In a study published today in Nature Sustainability, an international research group that included researchers from IIASA, Kyoto University, Ritsumeikan University, and the National Institute for Environmental Studies (NIES), Japan, for the first time estimated how food security could be negatively affected by the climate mitigation policies implemented by multi-Integrated Assessment Models (IAMs) and the cost associated with avoiding adverse side effects. More specifically, they clarified the relationship between food security and climate mitigation, and provided cost estimates for possible solutions to the trade-off between food security and climate mitigation, taking into account the uncertainty represented by an ensemble of IAMs.
Food security is one of the areas addressed by the UN Sustainable Development Goals (SDGs). The aim of SDG2 in particular, is to achieve “zero-hunger” by 2030. The issue of food security has been studied extensively in the context of climate change impacts associated with yield changes over the last few decades, and more recent studies also explored the effect of climate change mitigation on agricultural markets.

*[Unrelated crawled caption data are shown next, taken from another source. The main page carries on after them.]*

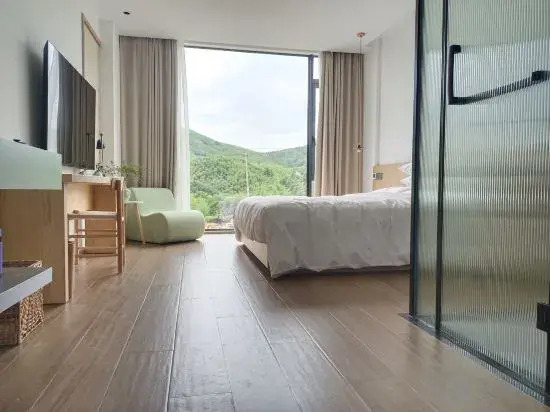 Хучжоу: Deqing Moganshan Tingfeng Holiday Homestay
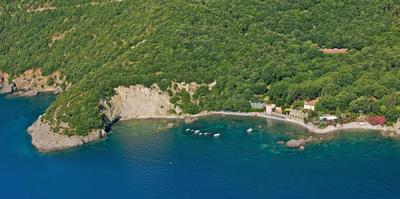 La Francesca Sud un villaggio"glamping"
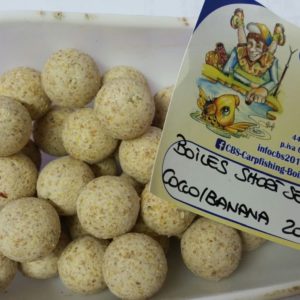 COCCO & BANANA 20 mm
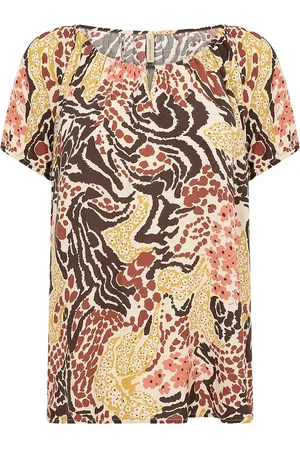 soyaconcept Sc-Rosaela Patterned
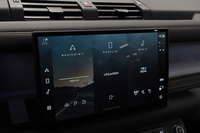 Land Rover Defender vaihtoauto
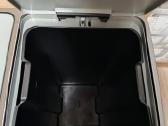 Naujos 60l. (2x30l) ir 50l. šiūkšlių dėžės - nuotraukos Nr. 8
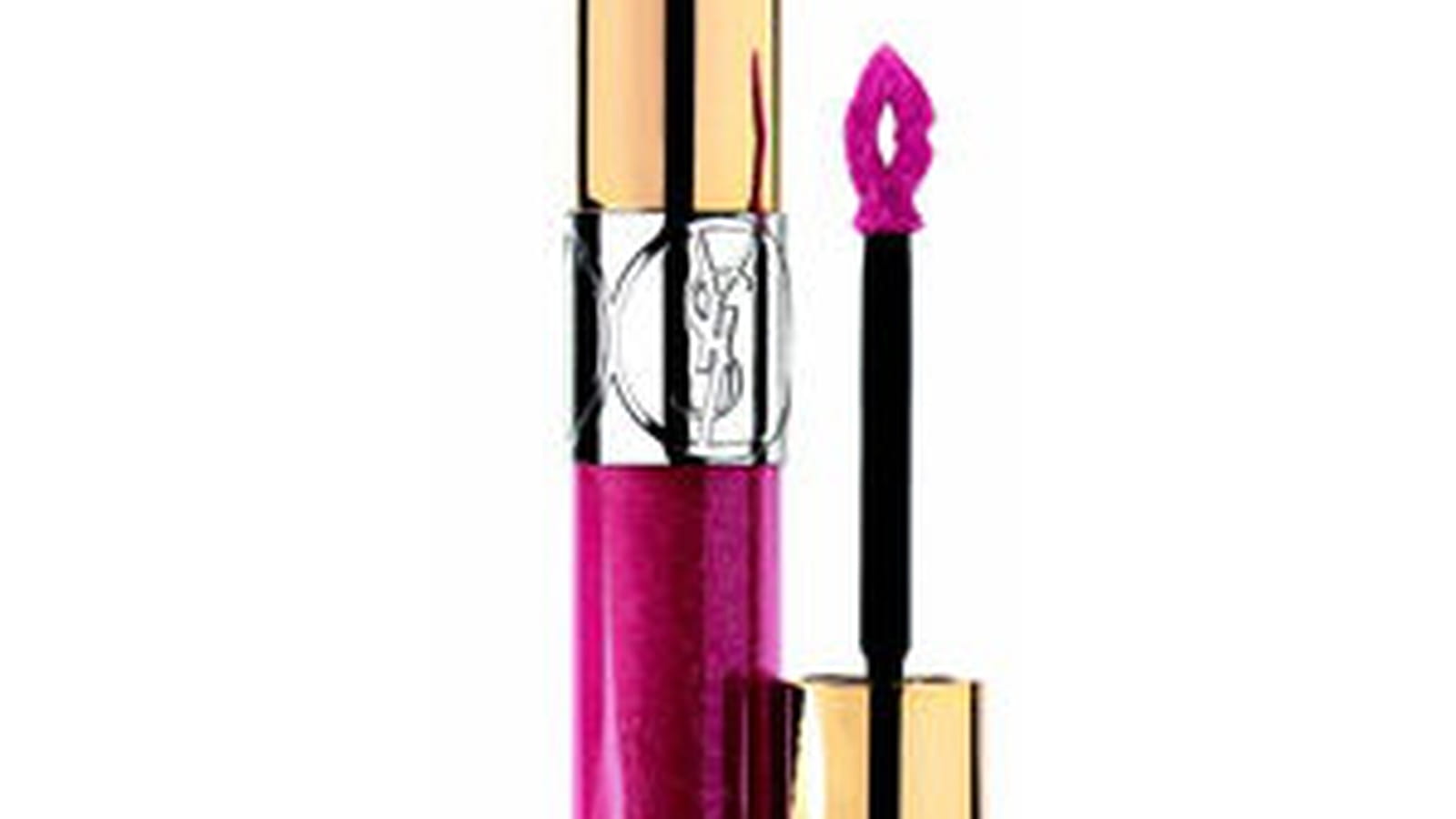 Gloss Volupté d'Yves Saint laurent
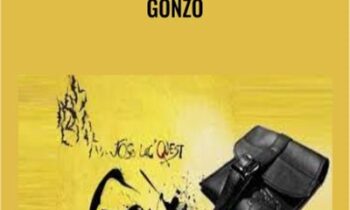Gonzo - Jose LacQuest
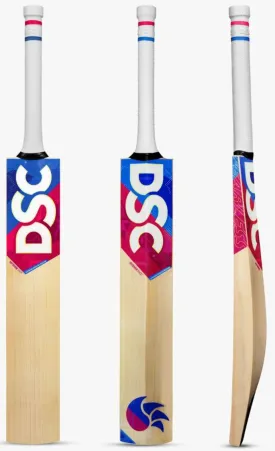 DSC Intense Shoc Cricket Bat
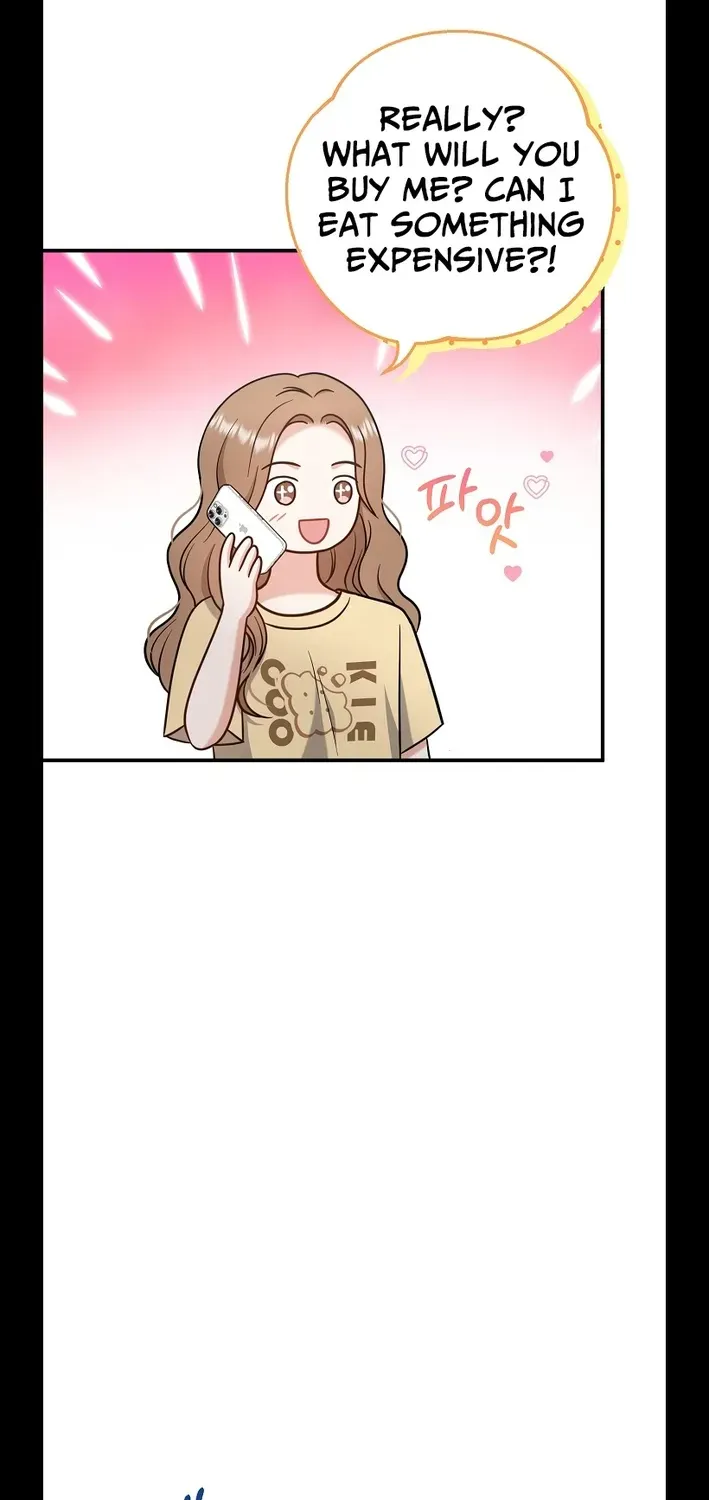 The Second Proposal Is Sweet Chapter 14 page 65 - 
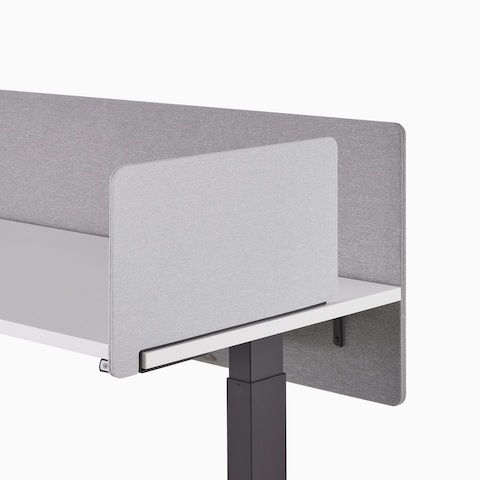 Aeron Personal Side Screen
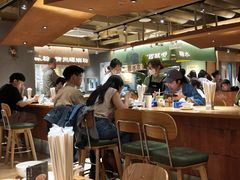 -水平有限广西米粉·广西风味集(五道口店)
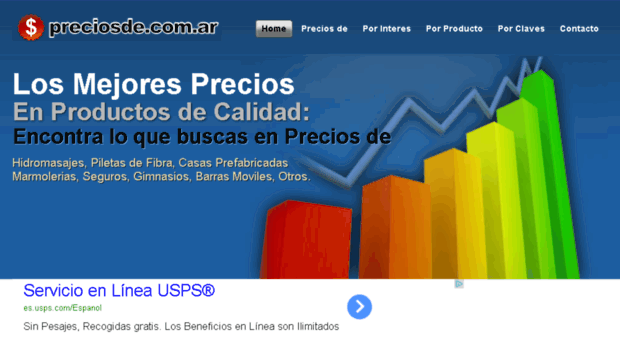 preciosde.com.ar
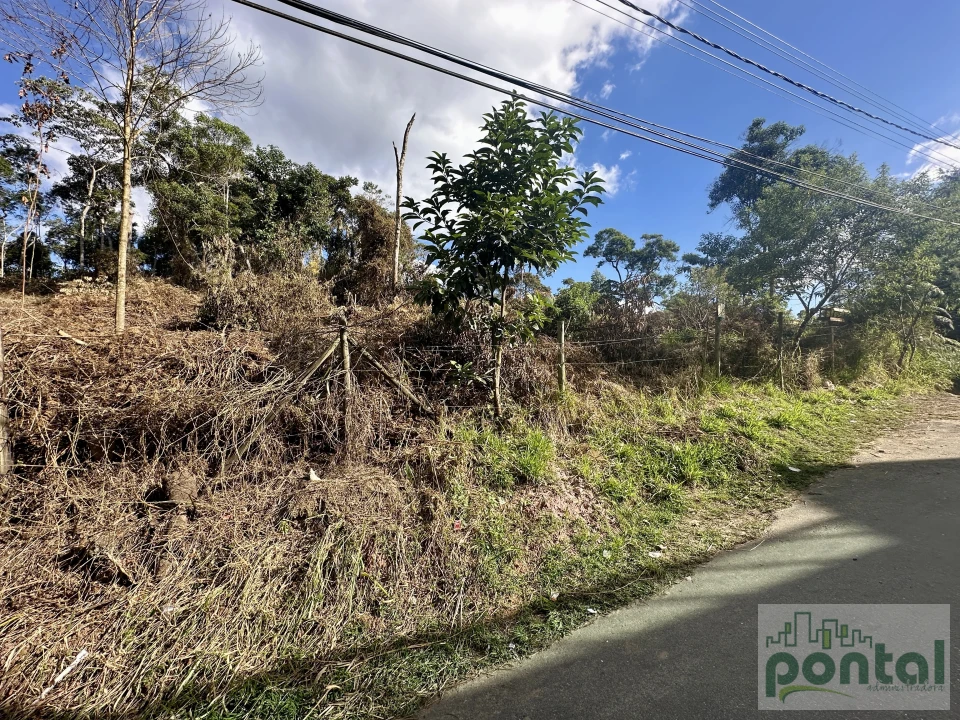 Terreno À Venda Chácara Paraíso Nova Friburgo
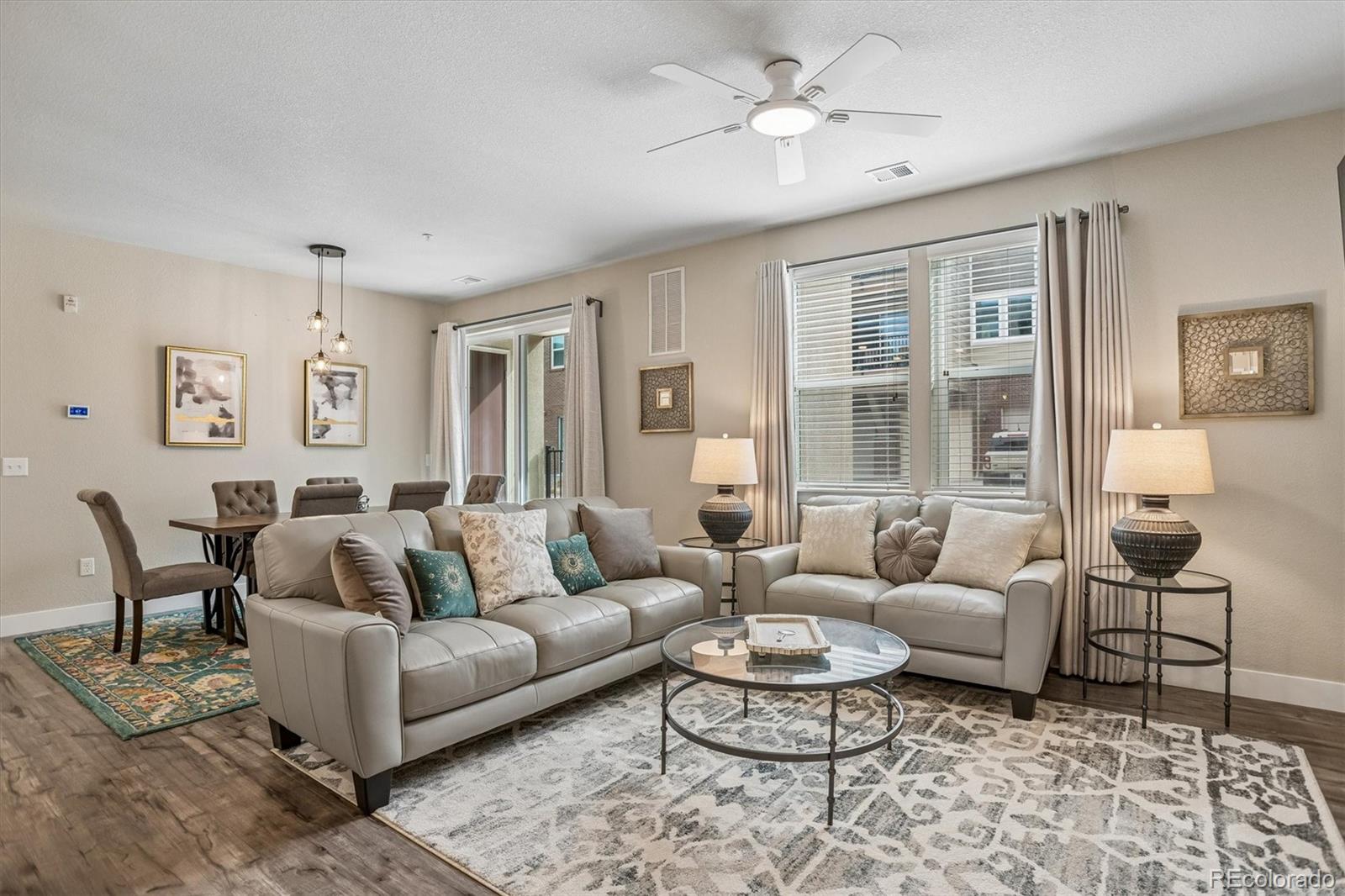 MLS Image #2 for 15345 w 64th lane,arvada, Colorado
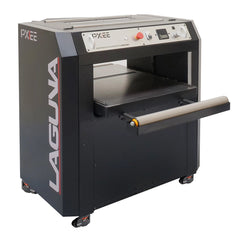 Laguna PX|22 ShearTec II 7.5HP 1-Phase 22'' Planer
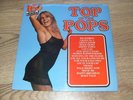 TOP OF THE POPS LP VOL 87 SHM 3095 VINYL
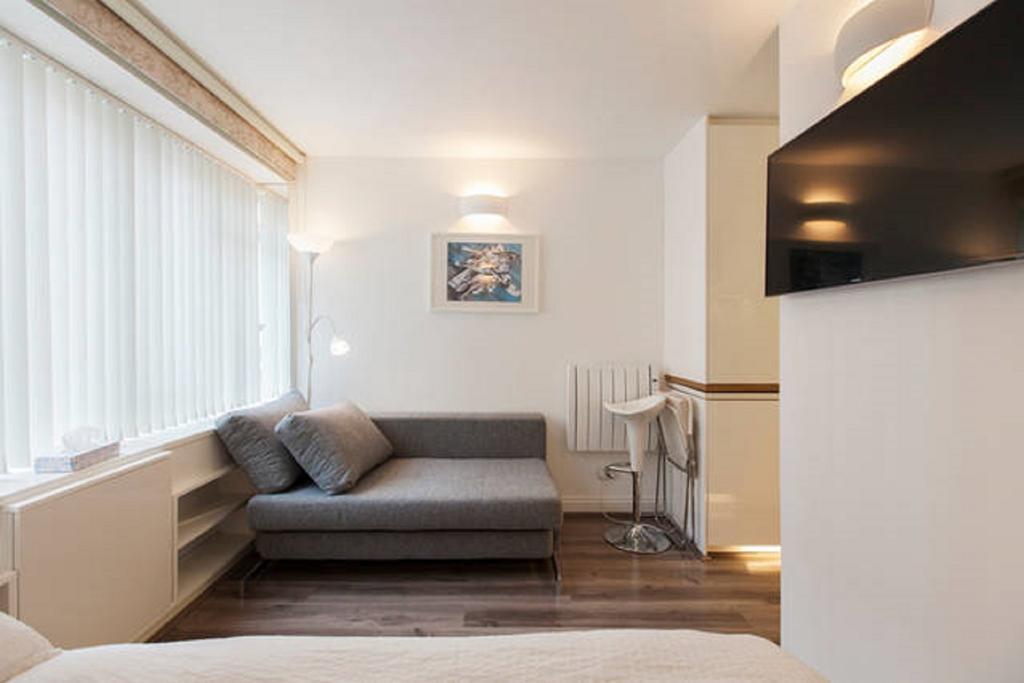 Appartement Craven Terrace Londen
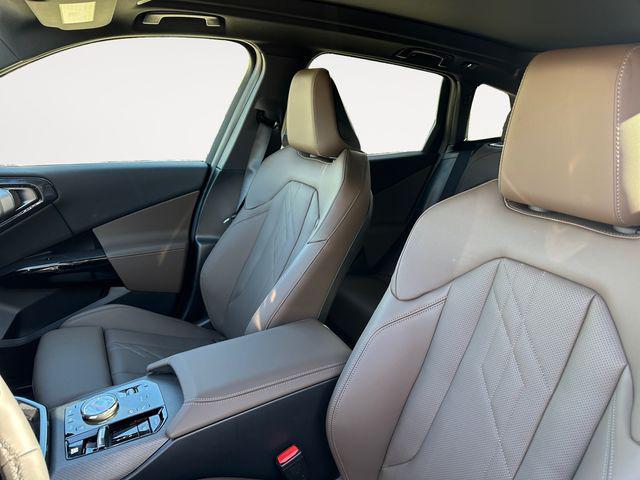 new 2026 BMW X3 car, priced at $58,675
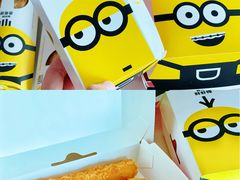 -麦当劳(北方国贸大厦店)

The Paris Agreement defines a long-term temperature goal for international climate policy: “holding the increase in the global average temperature to well below 2°C above pre-industrial levels and pursuing efforts to limit the temperature increase to 1.5°C”. Accordingly, studies investigating the climate change mitigation required by the Paris objectives have identified a potential need for land-based measures like afforestation and large-scale bioenergy production, which could in turn raise concerns about implications for food security. These low emission scenarios are making the connection between SDG2 (hunger) and SDG13, which specifically concerns climate action, increasingly crucial.